Poor Performance as Termination of Employment Agreement for a Valid Reason
Among the cases of termination of employment agreement for a valid reason by the employer due to the incompetence of the employee, the "poor performance", the details of which are not explained in the Turkish Labour Act and the justification of the Act, and which is an ambiguous phrase, emerges as one of the issues that are of great importance in the termination of employment contracts and shaped in accordance with the Supreme Court Decisions.
In accordance with the established jurisprudence of the Supreme Court, for the performance and productivity results of the employee to constitute a valid reason for the termination of employment agreement:
Objective performance evaluation criteria must be determined.
Performance evaluation criteria should be objectively measurable, realistic, reasonable, appropriate to the capacity of the employee and within the same rule as those doing the same job.
These criteria should be put forward concretely in accordance with the job description of the employee, his efficiency, the employer's corporate principles, and the workplace rules to be followed.
These criteria must have been communicated to the employee by the employer beforehand.

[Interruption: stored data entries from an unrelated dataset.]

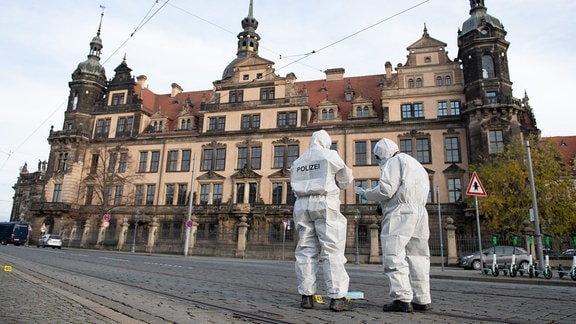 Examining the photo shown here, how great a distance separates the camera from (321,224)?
17.0 feet

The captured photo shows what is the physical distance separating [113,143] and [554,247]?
1693 inches

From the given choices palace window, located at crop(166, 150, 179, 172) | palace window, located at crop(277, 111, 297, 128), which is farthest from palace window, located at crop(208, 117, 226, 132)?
palace window, located at crop(277, 111, 297, 128)

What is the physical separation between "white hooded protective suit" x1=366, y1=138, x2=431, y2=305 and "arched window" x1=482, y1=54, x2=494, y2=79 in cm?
3105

Performance evaluation system and forms should be prepared in accordance with the determined criteria.
The evaluation system to be prepared must be prepared specifically for the workplace.
At the workplace, performance enhancing opportunities such as training and improving working conditions should be offered by the employer.
In accordance with the settled Supreme Court jurisprudence, the labor standards and professional characteristics of the employee during the probationary period are generally taken into account as the employer's accepted limits for subsequent performance and productivity measurement. However, if these limits are exceeded and this is continuous, a valid reason for termination may arise. If the employer claims that it is justified in expecting a performance and productivity above these limits, it must also prove that it provides performance-enhancing opportunities such as training and improving working conditions to confirm this expectation.
In reemployment lawsuits, the courts will determine whether the employer complies with the principle of termination being a last resort, whether there is an investigation within the company about the existence of other positions where the dismissed employee can be employed in accordance with their qualifications or by subjecting them to in-service training, whether verbal and written warnings are given to the employee, the employee's poor performance and It carefully examines whether its defenses regarding its inefficiency have been received.
Termination of the employment contract by the employer for valid reason should be seen as a last solution. If the employer has another opportunity to enable the employee to continue the employment relationship, the employer should not terminate the contract. Within the framework of our explanations above, the principles and criteria accepted by the Supreme Court should be taken into account in terminations with valid reason to be made by the employer based on the employee's poor performance. However, each case should be interpreted separately, taking into account the decisions of the Supreme Court.
 Tankut CENTEL, İş Güvencesi (İstanbul: Legal Yayıncılık, 2012), s. 10.